The CITB has said that the construction industry needs to recruit 88,000 new people every year to replace leavers and to cover existing work commitments. Doing some quick maths, Barry Stephens, chief executive of the National Federation of Builders points out that the Olympics, which are set to cost a total of about £12bn, are likely to more than double the industry’s annual total turnover growth, from 1.5% to 3.5%. And this doesn’t include the speculative projects that will follow as developers rush to capitalise on the property uplift effect.

The Chartered Institute of Building also has evidence that the shortage is acute. When the institute asked its members in August if they were having difficulty recruiting, it found that four-fifths had experienced problems in the past year and that nine out of 10 expected the skills shortage to last beyond 2005. Most in demand were those in the crafts and trades, and semi-skilled manual workers – more than half of the members surveyed said they’d experienced difficulties recruiting site and contract managers.

“The Olympic Games, as a flagship project, will probably be able to attract the people that it needs. It’s what’s going on around it that could be hit very badly. Crossrail is the big unknown,” says Michael Brown, the deputy chief executive of the CIOB. He points out that whereas the Olympic park is likely to come in at £3.4bn, the Crossrail project is expected to cost £16bn - more than four times as much.

The dearth of project managers

Without project managers, the fear is that accident levels will soar, costs will rise and the successful completion of the Olympic facilities will be marred by what had to be done to achieve it – that and the stalling of hundreds of other projects up and down the country.

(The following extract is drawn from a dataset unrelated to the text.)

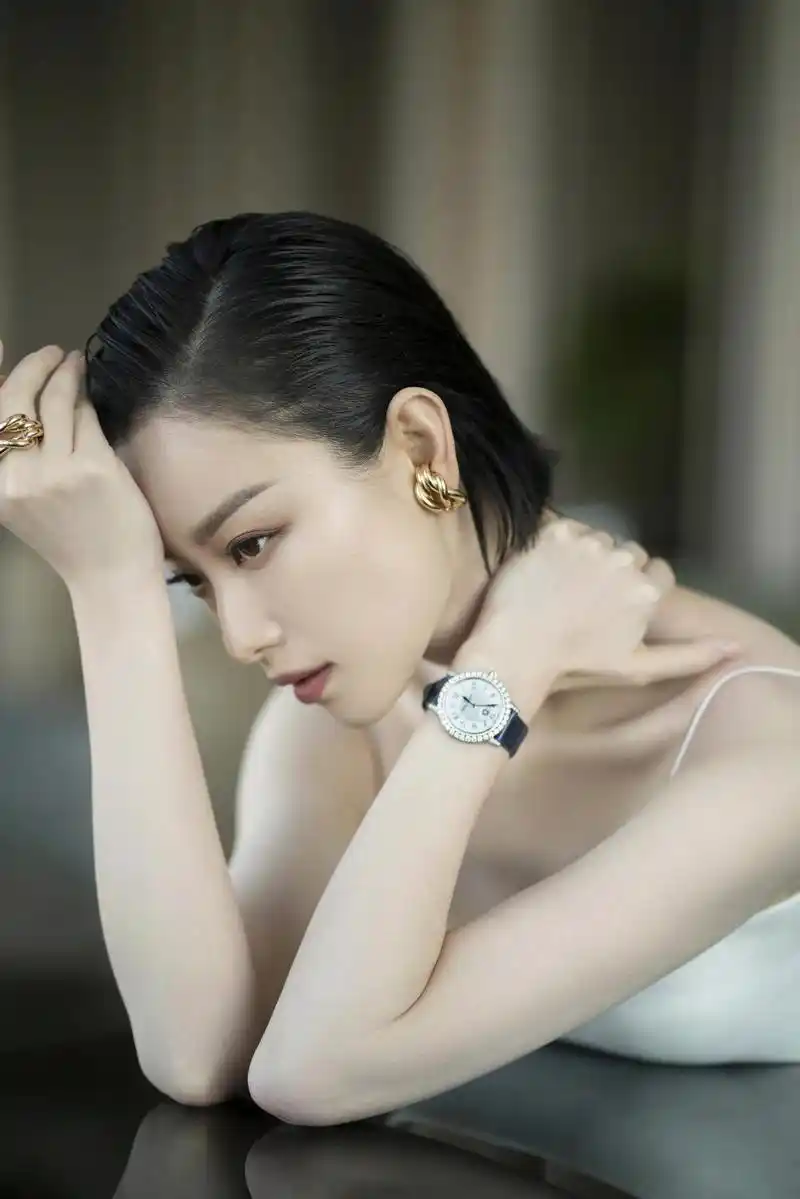 性感女神倪妮身姿卓越,美得令人窒息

Graham Watts, chief executive of the Construction Industry Council, says this is where the real shortage will be. “The industry is gearing itself up to recruit people in the trades, and even if we don’t, economic migrants will fill the void. If there are problems, it’s going to be in the professional skills where it takes much longer to train people. It takes seven years before you’ve got someone who’s a useful member of the team. If people aren’t entering universities now, they won’t be there by 2012. There’s no point pretending that we can fill the vacancies unless people migrate from similar industries.”

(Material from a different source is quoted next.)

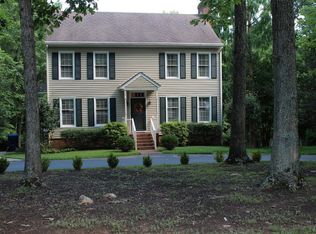 722 Lake Vista Dr, Forest, VA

According to Jason Smith, director of contractor Haymills, this is the really worrying aspect of the skills shortage. “It’s not just the labour, it’s the management of it. Trades are available and coming in from Eastern Europe but I worry more about who’s going to manage them, so we don’t have the accident levels they do in places such as Dubai where you get this kind of influx.”

The Olympic effect has already kicked in says Smith, as firms intending to bid for work assemble their project management teams and try to poach staff from smaller companies with 10% salary increases. “It started within two weeks of the announcement. It used to happen before but not in these numbers.” Smith has seen offers of £15,000 more than the going rate. Other firms report offers of up to 20% more than their employees’ current salary.

“Good quality project managers are in such short supply that very good ones can command exceptionally high salaries,” says Ted Runciman, HR director at cost consultant Currie & Brown. He believes project managers with experience of stadium projects will enjoy a similar status to that of IT consultants in the run-up to the millennium, when companies feared their systems would shut down on the stroke of midnight. “Those who have that very specific experience could hawk themselves around looking for high fees. You may find many go out and set up their own consultancies.”

Who’s to blame?

“The industry used to be used as an economic flywheel for government policy,” says the NFB’s Stephens. “If it wanted to inflate, it would invest through the public sector, and if it wanted to deflate, would do the opposite. This meant the industry had difficulty planning its resources in a sensible way.

“The standing of the industry in the eyes of the public was low – it wasn’t looked on as an industry where careers were secure; the conditions didn’t stand comparison with other industries. There was a migration out of construction.”

There is also widespread bitterness within the industry over the current government’s target that 50% of all young people go on to university. “It’s fatally flawed,” says Peter Rogers, chairman of the Strategic Forum. “Going to university is seen as a panacea when it’s not. We need a highly skilled, professional workforce on site and we make the mistake of thinking that a plumber or a carpenter is in some way inferior to a project manager. Yes, we do need more graduates in areas of the industry, but QSs aren’t going to build anything.”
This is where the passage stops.